STORY AND PHOTOS BY KAREN BOSSICK
Caroline Heldman would have been outside the Kavanaugh hearing if she hadn’t been in Sun Valley Thursday.
If she had been in Washington, D.C., she said, she would have supported protestors outside the Capitol Building and possibly gotten arrested.
Instead, she addressed 150 attendees at the Alturas Institute’s third annual Conversations for Exceptional Women about her role in the Bill Cosby trial.
Then, when the conference had ended for the day, she excused herself to learn how Supreme Court nominee Brett Kavanaugh had angrily and tearfully denied sexually assaulting Dr. Christine Blasey Ford so she could take part in an interview with NPR Radio an hour later.
Caroline Heldman is chair of the Politics Department at Occidental College in Los Angeles where she co-founded the Oxy Sexual Assault Coalition.
A former FOX News commentator, she was one of the early architects of the campus anti-rape movement and author of the new book “The New Campus Anti Rape Movement: Internet Activism and Social Justice.”
She has supported Bill Cosby’s accusers and worked with Harvey Weinstein’s accusers. And, when details about Bill O’Reilly’s sexual harassment scandal broke, she told her own stories of harassment at the hands of O’Reilly and FOX News host Eric Bolling—something that hurt her career with FOX.
On Thursday she told those attending the conference at Ketchum’s Community library how there was a push to address sexual assault on college campuses in the early 1990s but it and the #MeToo Movement didn’t gain momentum until women began telling their stories on social media.
“We’re in a new day in terms of women’s rage,” she said.
But, she added, there’s still a long way to go in a society where only 2 percent of those charged with rape are convicted, where societal attitudes and practices trivializes rape, where victims are still blamed, shamed and not believed.
“Is the way Dr.
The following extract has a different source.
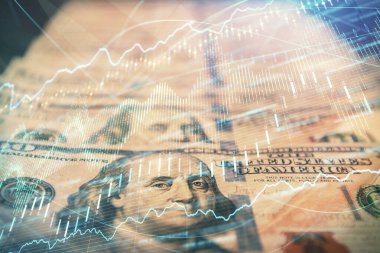 Önx grafiğinin arka plandaki dolarları iki katına çıkarması. Finans piyasası kavramı.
Ford is being treated inspiring you to come forward? People question why it took so long for the women to come forward, but the real question is what is it in our society that keeps people from coming forward?”
“The most positive thing you can say is, ‘I believe you,’ ” she added, “Because most people don’t.”
Heldman was at the first Cosby trial with a group of women who said he drugged and sexually assaulted them. She had met a couple of the women during a campaign to overturn the statue of limitations on rape in California—a campaign that was eventually taken nationwide.
Supporters were verbally attacked by groups of protestors, who Heldman believes were paid by Cosby. And a topless woman sporting the names of the accusers on her torso rushed Bill Cosby yelling “Women’s Lives Matter.”
The trial resulted in a mistrial.
Heldman was there again at the retrial, coaching the accusers about how to deal with the media and physically supporting them, as well.
“Survivors need someone to physically support them,” she said, describing how she literally held up one survivor as the woman suffered a dissociative episode.
Heldman said the Cosby’s sentence of three to 10 years in prison exceeded the women’s expectations. The case shows that the legal system might take women a little more seriously, but it also speaks to lithe limits of legal systems when the maximum Cosby could’ve gotten is 10 years.
Studies show that the odds of a false claim are between 2 percent and 8 percent if there’s one accuser. That dips to less than 1 percent if there are two.
“Once you get up to three—sorry, folks,” she said.
Rules and normal protocol have been suspended in the Kavanaugh hearing, Heldman said.
“My guess is that Kavanaugh will probably get confirmed. We will see a different treatment of survivors by politicians.”
With Kavanaugh on the Supreme Court, Roe vs. Wade will be overturned, she predicted.
“I was raised Pentecostal Evangelical so I can say that,” she added.
As a teenager, Heldman said, she stood on the front lines of Operation Rescue harassing women going into abortion clinics. And she listened as strategists said that their days would come,
“That strategy is unfolding on Twitter,” she said.
Heldman said she changed her views after realizing that those she'd heard who were against abortion also were against birth control.
“I realized they were against women controlling their body. They were against women having sex.”
Despite the #MeToo movement, those who have experienced sexual harassment must still weigh whether speaking up is worth losing their career, said Heldman.
“You’ll be seen as a trouble maker and at the end of the day most of the time it’s not worth it,” she said. “ It’s never an easy choice.”